Review Intended Beneficiaries
With these changes to the law, now is a great time to review and confirm your retirement account planning including beneficiary designations. Whichever estate planning strategy is appropriate for you, it is important that your beneficiary designation meshes with that planning. If your intention is for the retirement account to go into a trust for a beneficiary, the trust must be properly named as the primary beneficiary. If you want the primary beneficiary to be an individual, he or she must be named. Ensure you have listed contingent beneficiaries as well.

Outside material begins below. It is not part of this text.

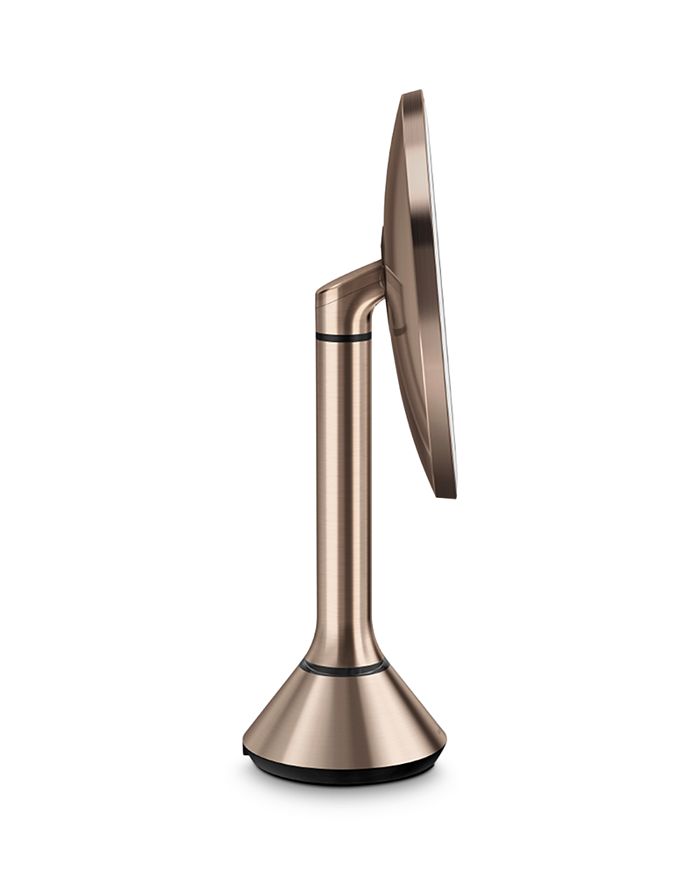 Shop Simplehuman 8 Sensor Mirror With Touch-control Brightness In Rose Gold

If you have recently married or divorced, you will need to ensure the appropriate changes are made because at your death, in many cases, the plan administrator will distribute the account funds to the beneficiary listed, regardless of your relationship with the beneficiary or what your ultimate wishes might have been.
Bottom Line: Rules Change, but the Essentials of Planning Are Static
The SECURE Act offers opportunities to potentially maximize your planning yet is froth with new pitfalls to avoid. Be sure to work with someone who carefully analyzes how the rules could impact you and your retirement or estate planning needs.